(Data provided)
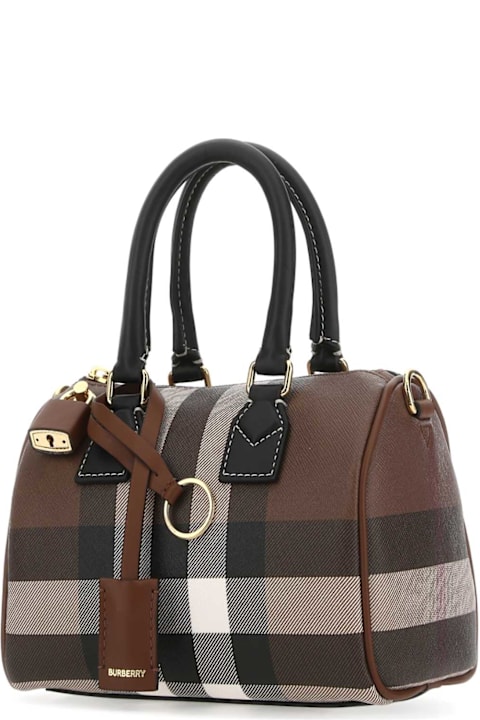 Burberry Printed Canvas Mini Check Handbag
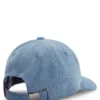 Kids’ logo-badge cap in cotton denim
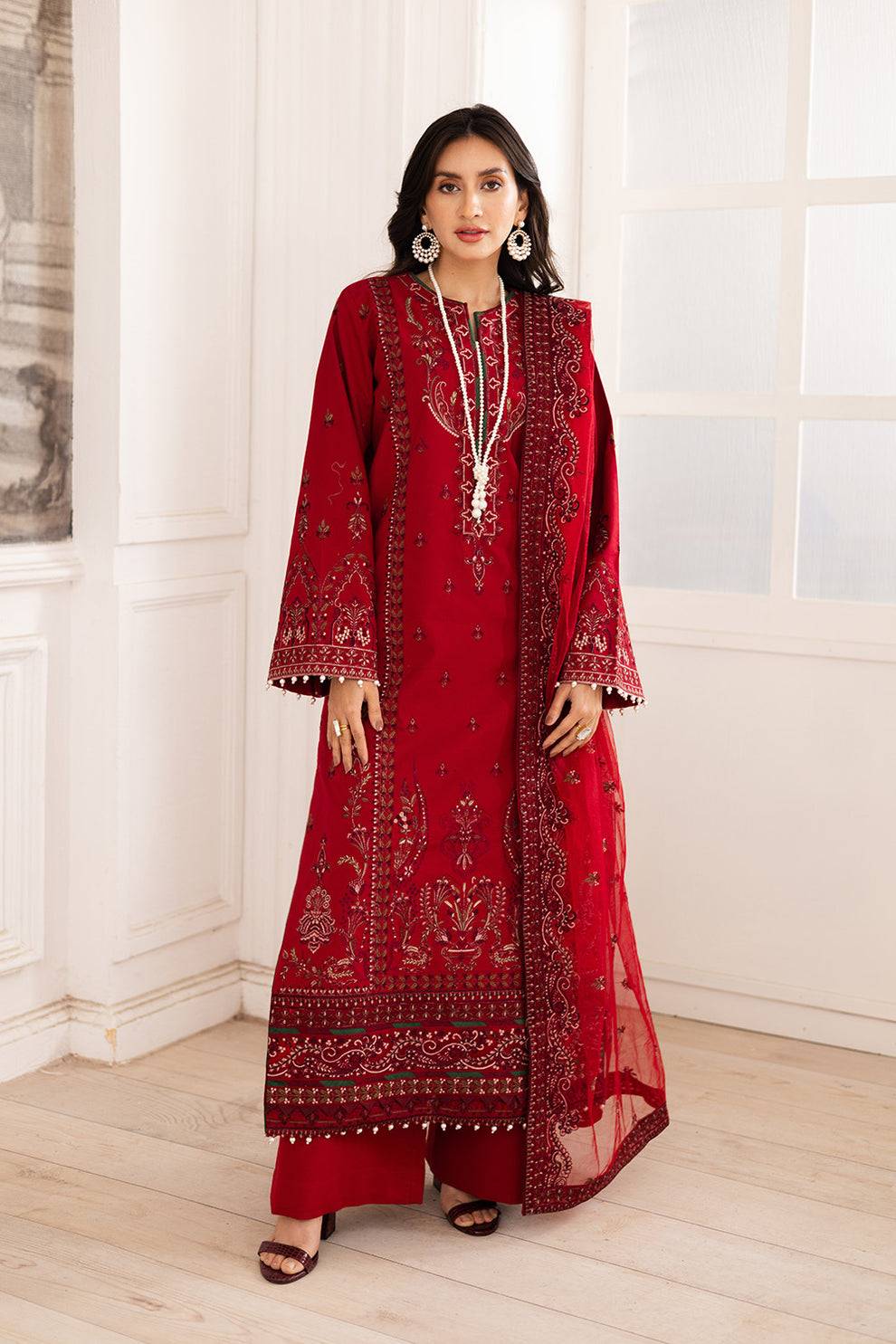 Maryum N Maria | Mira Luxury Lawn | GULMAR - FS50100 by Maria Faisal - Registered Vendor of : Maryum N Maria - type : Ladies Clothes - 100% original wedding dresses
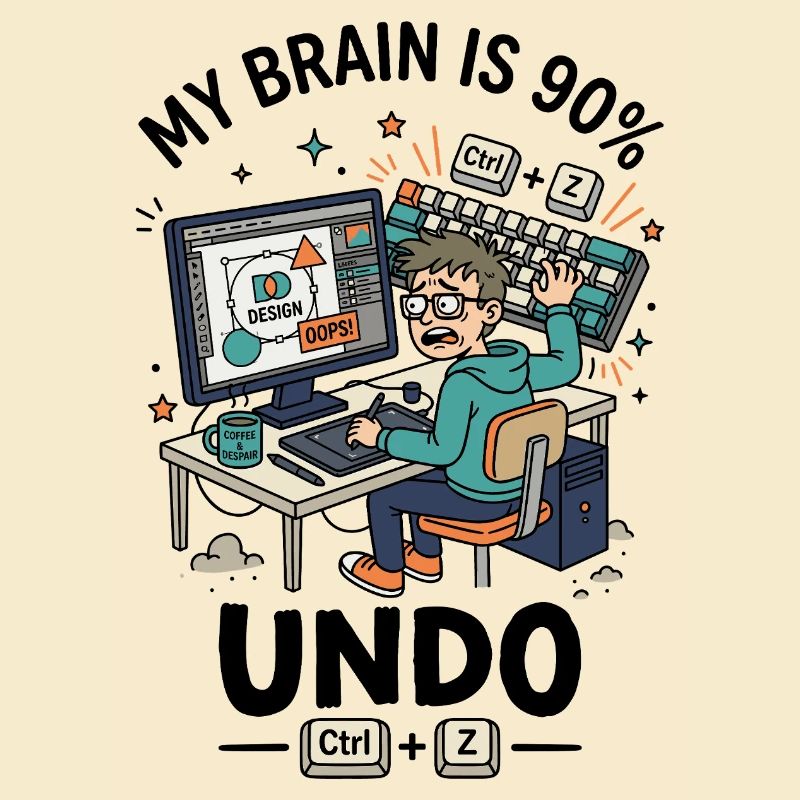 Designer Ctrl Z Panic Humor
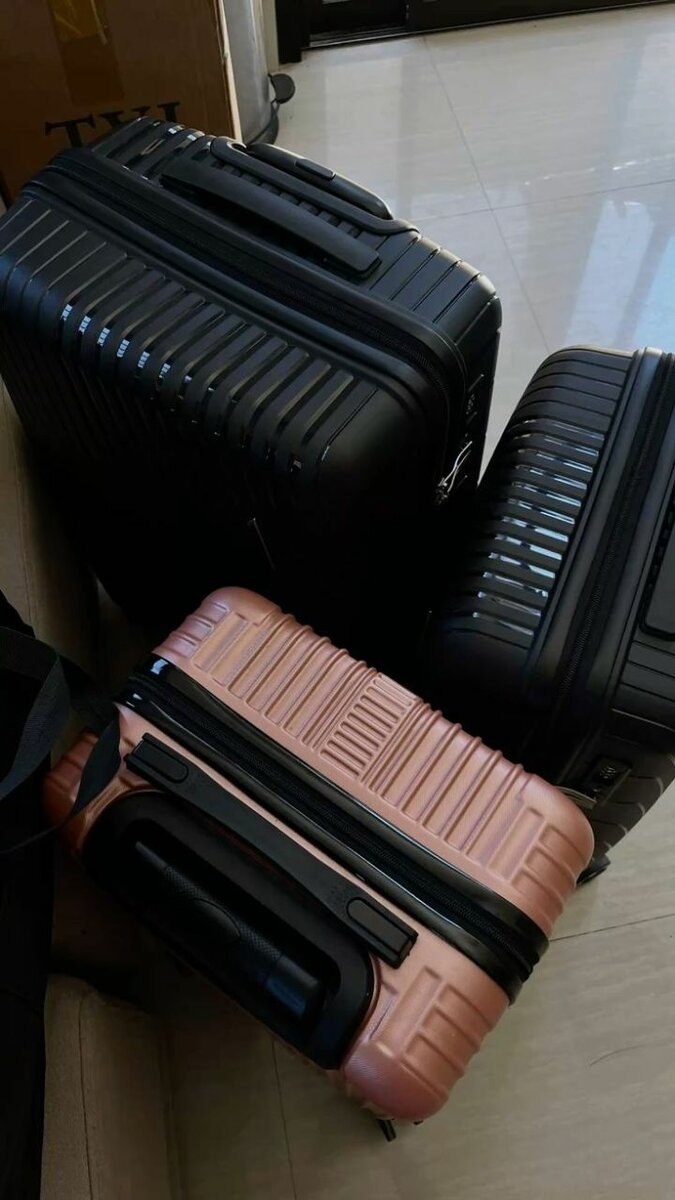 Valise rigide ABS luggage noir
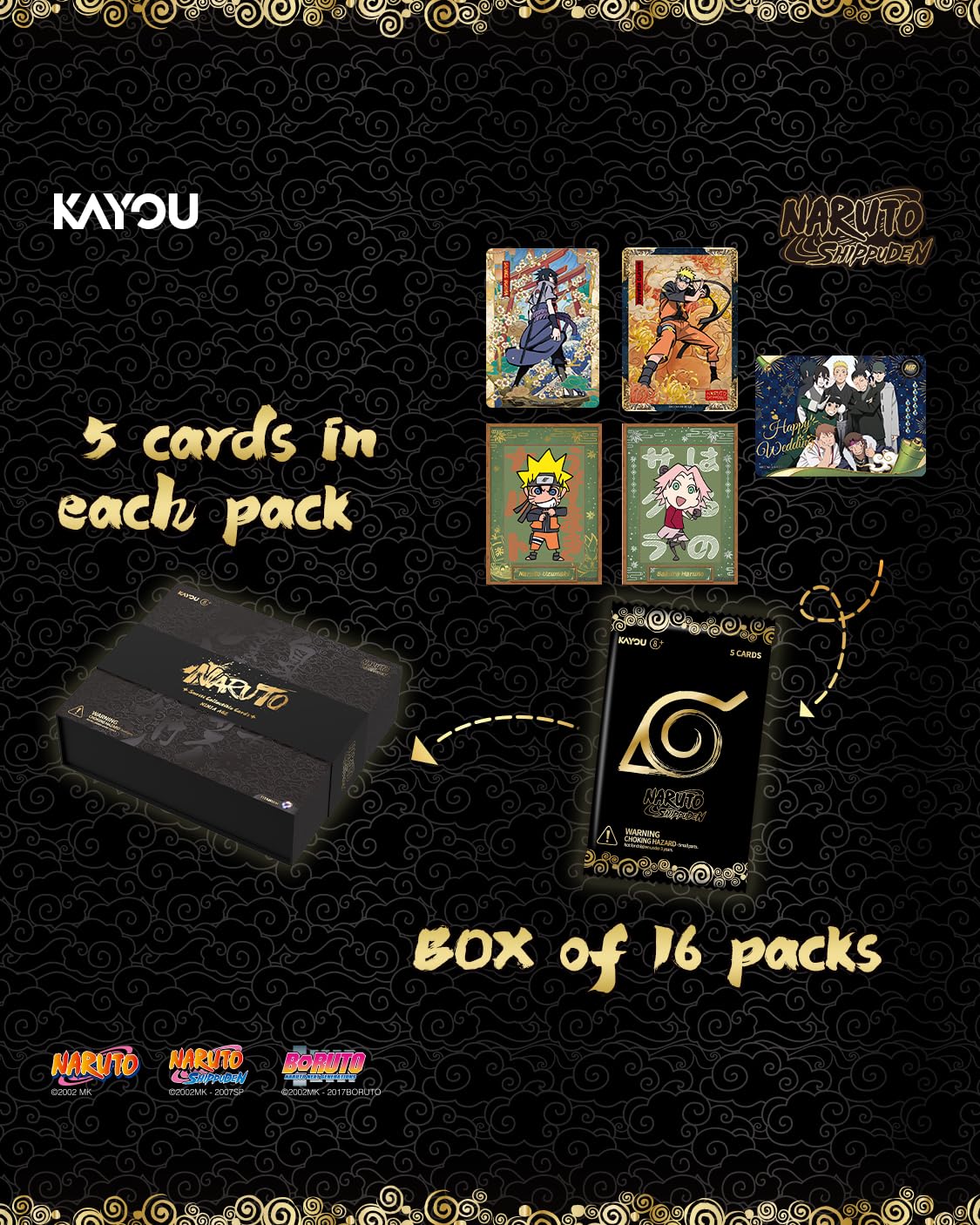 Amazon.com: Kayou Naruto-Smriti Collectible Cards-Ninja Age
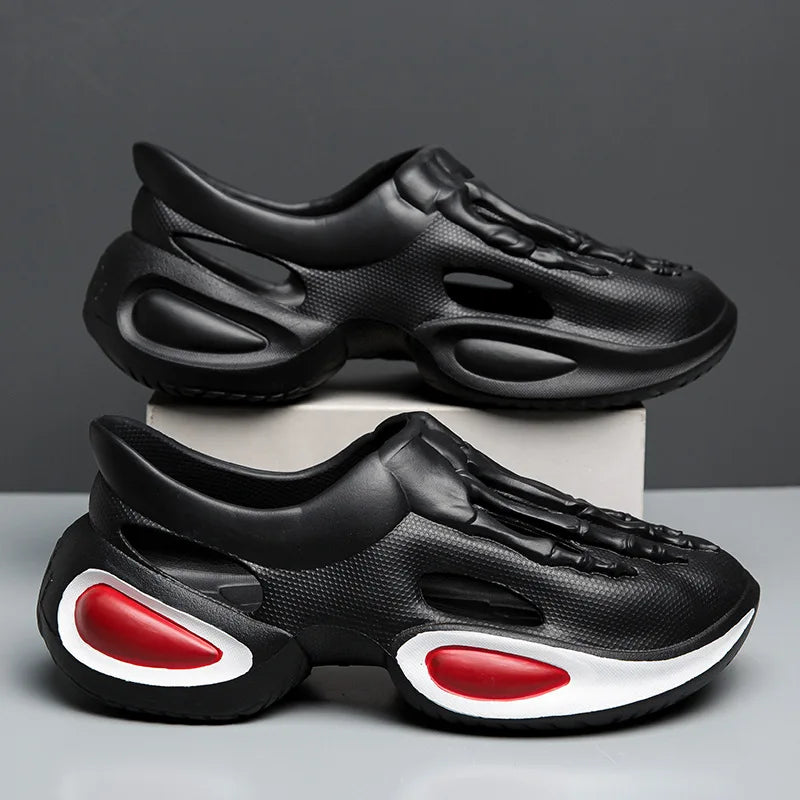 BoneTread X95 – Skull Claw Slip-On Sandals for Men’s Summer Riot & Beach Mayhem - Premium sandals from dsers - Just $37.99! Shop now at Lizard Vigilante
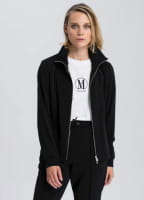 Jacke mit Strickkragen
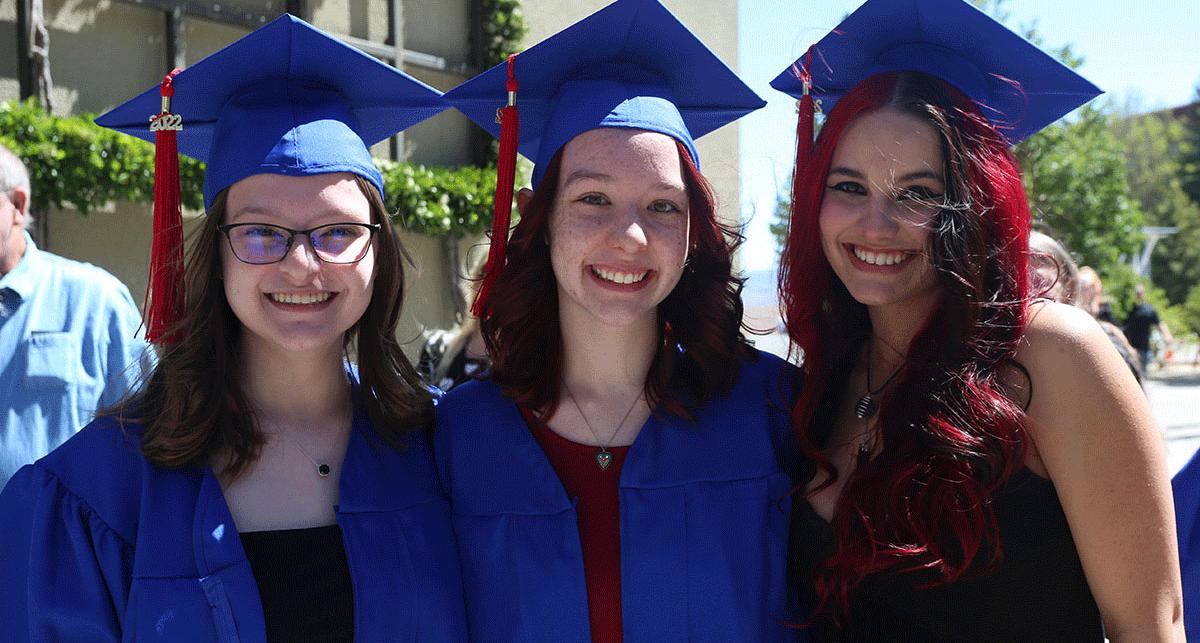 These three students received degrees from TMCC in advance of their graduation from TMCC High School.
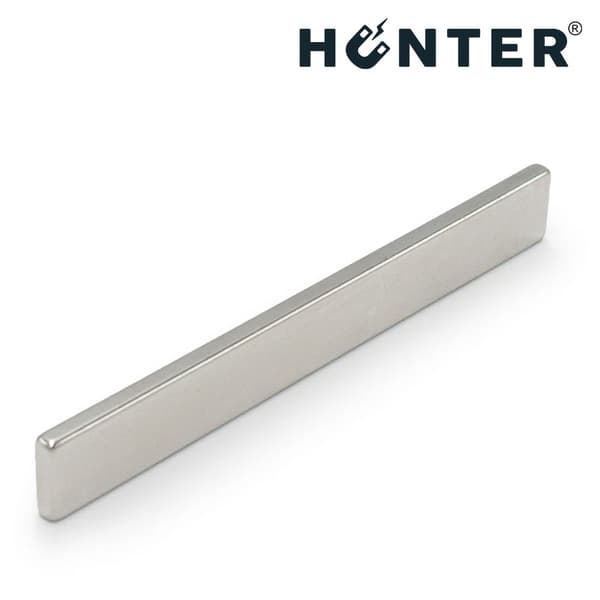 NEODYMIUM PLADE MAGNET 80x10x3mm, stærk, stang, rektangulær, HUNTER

(Exercise requirements)
Copy out exactly the lines above beginning with the line that contains "Kids’ logo-badge cap in cotton denim" and finishing with the line that contains "Valise rigide ABS luggage noir", including both; leave the pictures out.

(Result of the exercise)
 Kids’ logo-badge cap in cotton denim
 Maryum N Maria | Mira Luxury Lawn | GULMAR - FS50100 by Maria Faisal - Registered Vendor of : Maryum N Maria - type : Ladies Clothes - 100% original wedding dresses
 Designer Ctrl Z Panic Humor
 Valise rigide ABS luggage noir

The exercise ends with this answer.